ABOUT NEW YORK; When East Met West and Walking Around Led to Brooklyn
Published: February 24, 1993
"I can honestly say I really know where I am," Ms. Cooke said in the cozy and sweet-smelling ground-floor kitchen of her 1878 house on the periphery of Brooklyn Heights.
Upstairs, her second husband, Michael Wallace, a history professor at John Jay College of Criminal Justice, was working on a manuscript. Her own book of walking tours of New York City has just been issued by Temple University. Now she is hoping to put together a video series describing issues of city life like immigration, racial division and gentrification in their historical contexts. She has lectured on the social history of New York and organized walking tours.

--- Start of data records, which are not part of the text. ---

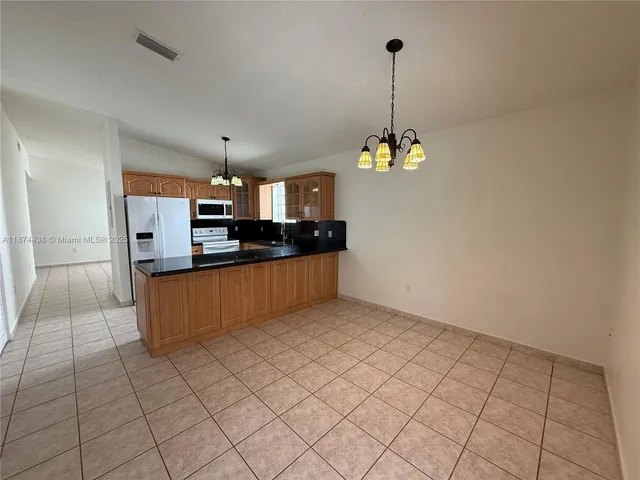 a view of a kitchen with microwave and cabinets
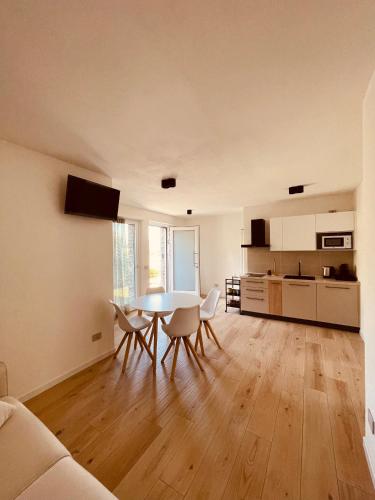 een woonkamer met een tafel en stoelen en een keuken bij Tellure apartments with breakfast in Berbenno di Valtellina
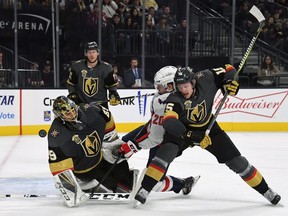 Marc-Andre Fleury #29 of the Vegas Golden Knights blocks a shot as Lars Eller #20 of the Washington Capitals and Jon Merrill #15 of the Golden Knights battle in front of the net during the third period of their game at T-Mobile Arena on December 23, 2017 in Las Vegas, Nevada. The Golden Knights won 3-0.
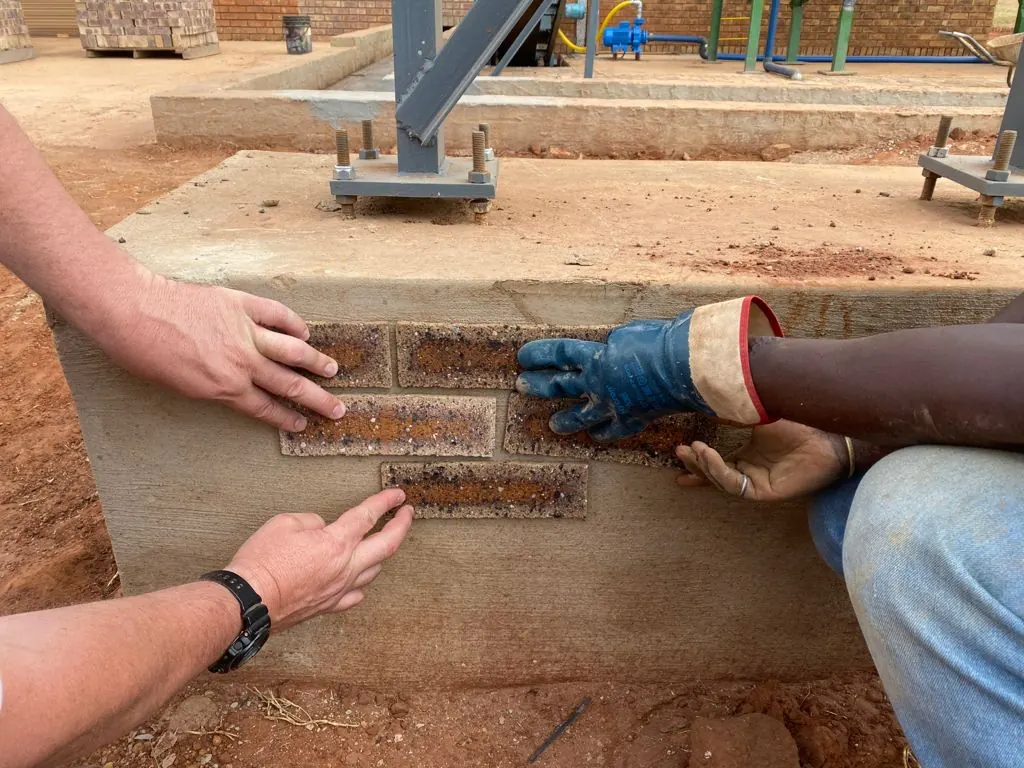 Hands placing brick tiles on a wall base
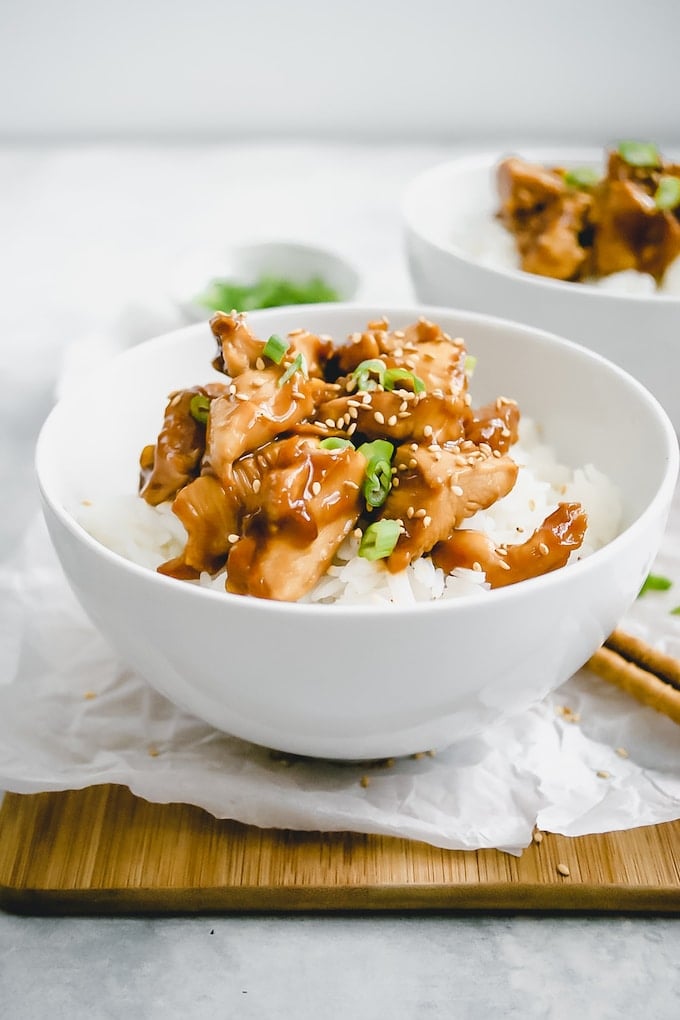 Chicken Garlic Chicken over rice, topped with sesame seeds and scallions, all in a deep white bowl.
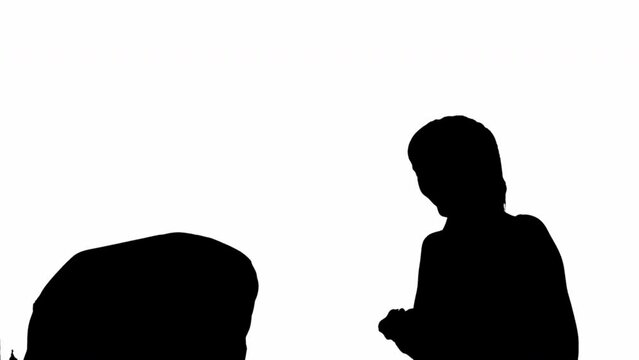 Silhouette of arguing man and woman. black and white mask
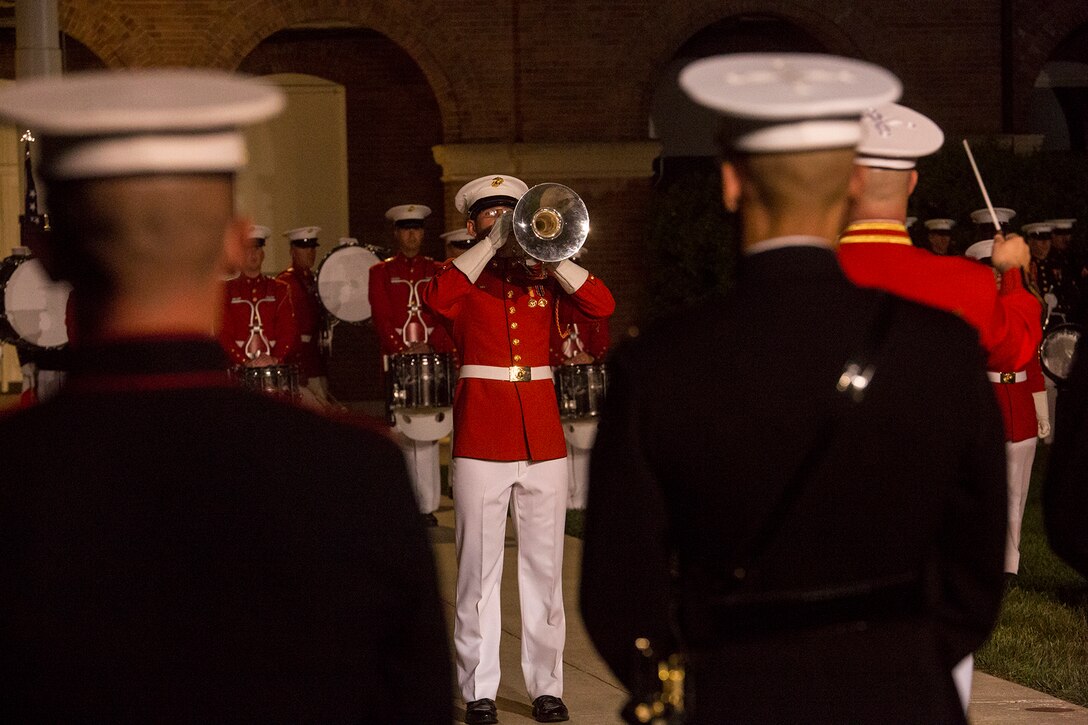 Corporal Brice Bach, uppers section, “The Commandant’s Own” U.S. Marine Drum & Bugle Corps, performs a solo during a Friday Evening Parade at Marine Barracks Washington D.C., May 11, 2018. The guest of honor for the parade was Deputy Secretary of Defense Patrick M. Shanahan and was hosted by the Assistant Commandant of the Marine Corps, Gen. Glenn M. Walters. (Official Marine Corps photo by Cpl. Robert Knapp/Released)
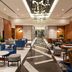 Sheraton The Walk, Dubai lobby with blue seating, patterned floor, and modern chandelier lighting
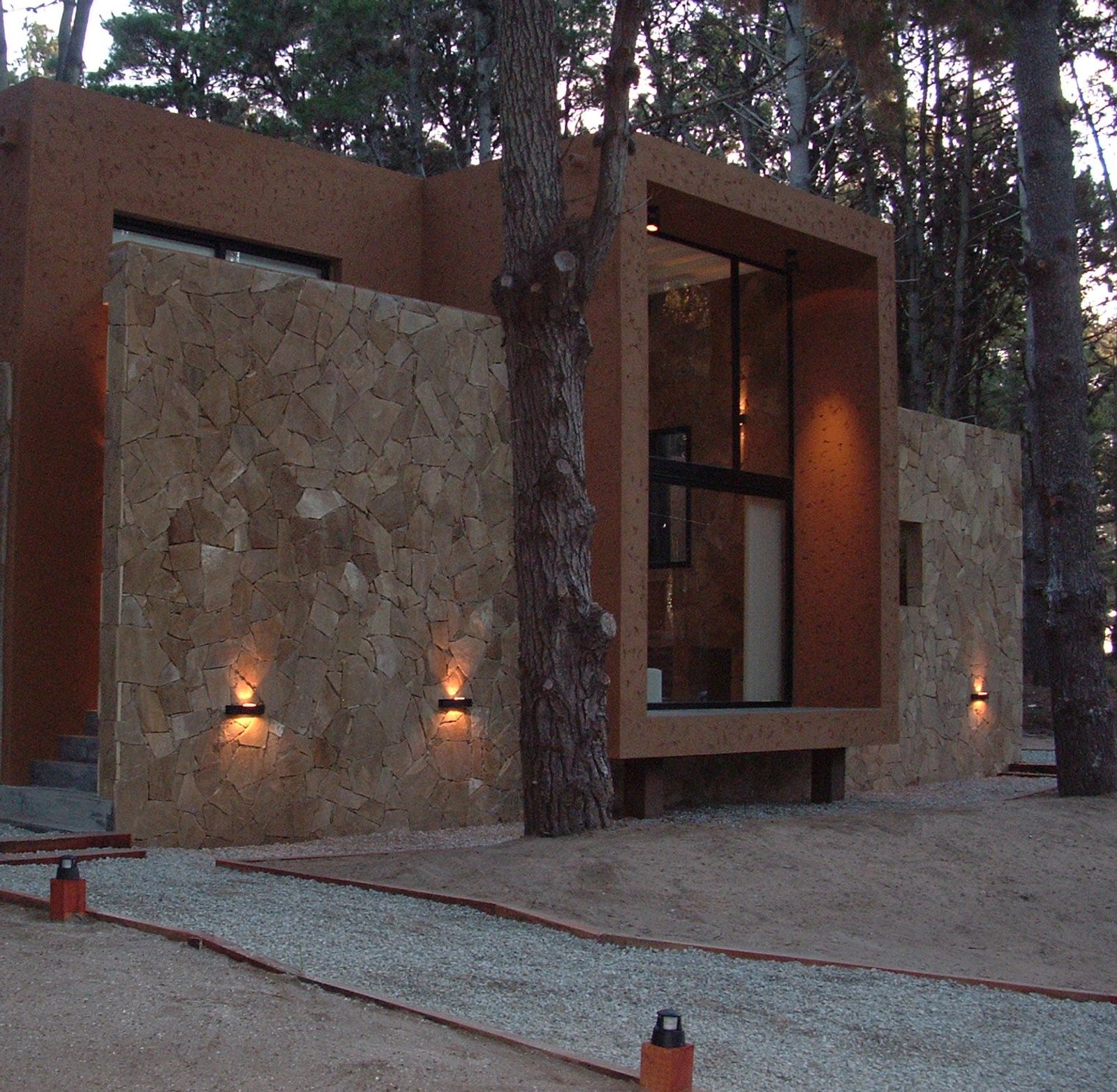 Fachada moderna com pedra, árvores e luz quente — projeto LA  ALHAMBRA, por GJF estudio, em Costa del Este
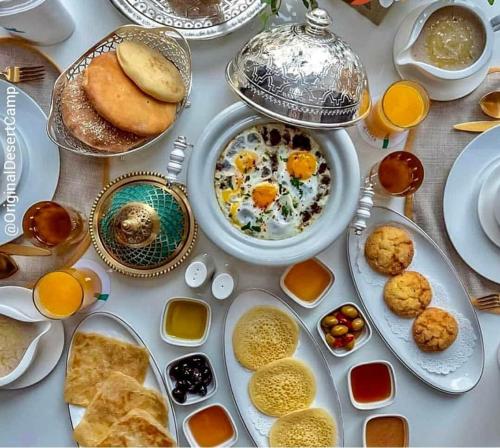 a table topped with plates and bowls of food at Sahara Luxury Tented Camp in Merzouga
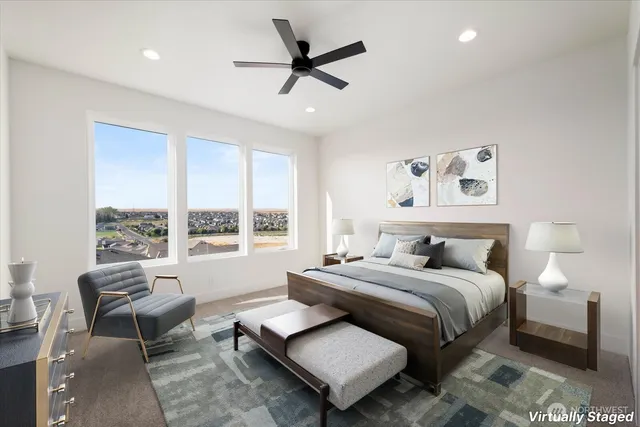 a bedroom with a bed a couch and a window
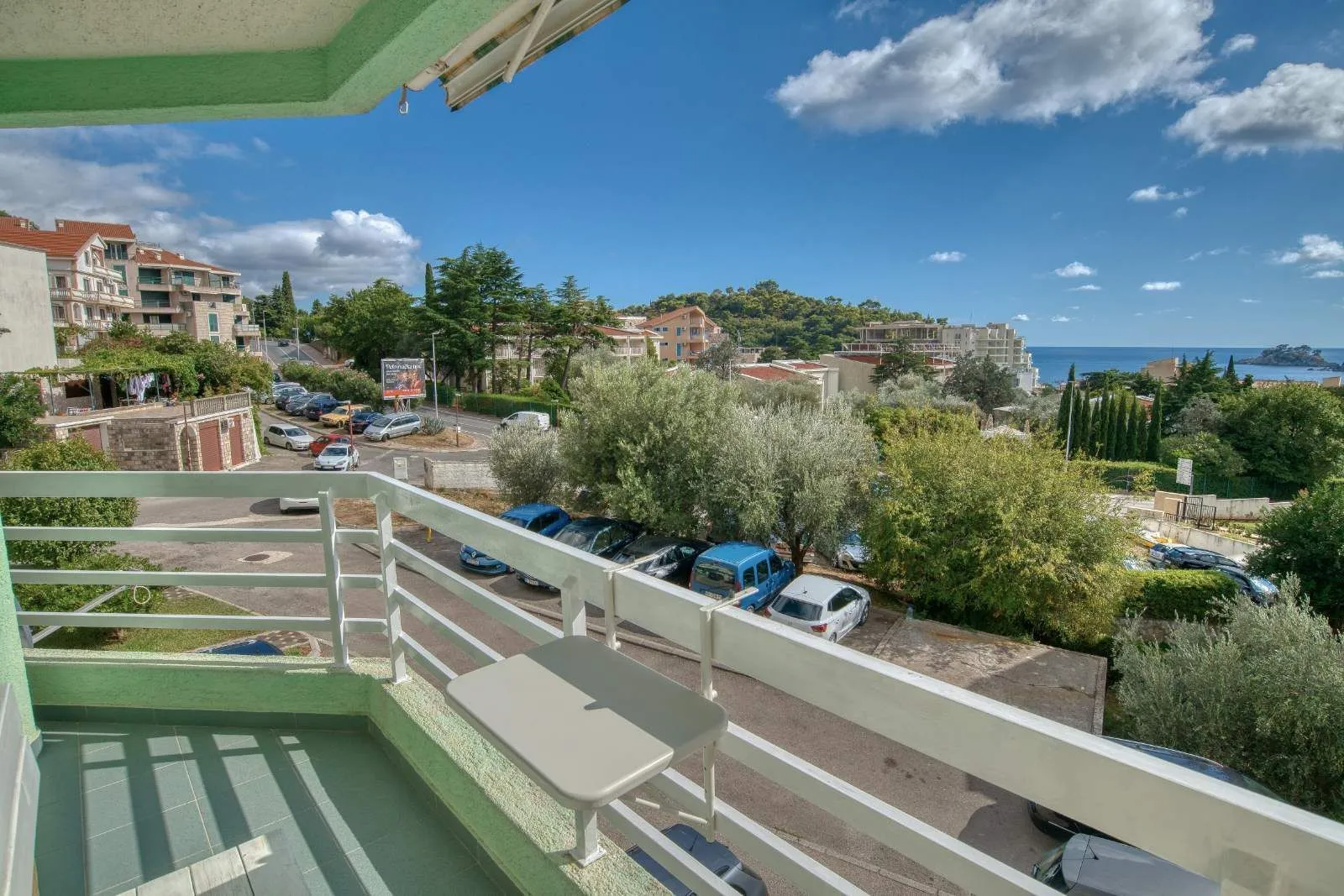 View from the balcony overlooking the neighborhood and surrounding greenery.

About a month ago she was at a party where there were many local history buffs. "At one point," she recalled, "I was introduced to a young man who, as he shook my hand, blurted out, 'Oh you're Hope Cooke, the Hope Cooke? Hope Cooke, the walking tour guide?' It made me so happy. It was a real turning point."
Over the last 30 years there had been so many other introductions drawing responses, spoken or silent, that were very different. Hope Cooke? Oh, yes, the New York debutante, the Sarah Lawrence student, the one who met and married the heir to the throne of that tiny kingdom tucked between Nepal, Tibet, Bhutan and India. Wasn't she the Grace Kelly of the Himalayas who in 1963 went to live in a palace in Gangtok as the bride of the Chogyal, a man revered by his subjects as the reincarnation of an ancient Buddhist holy man?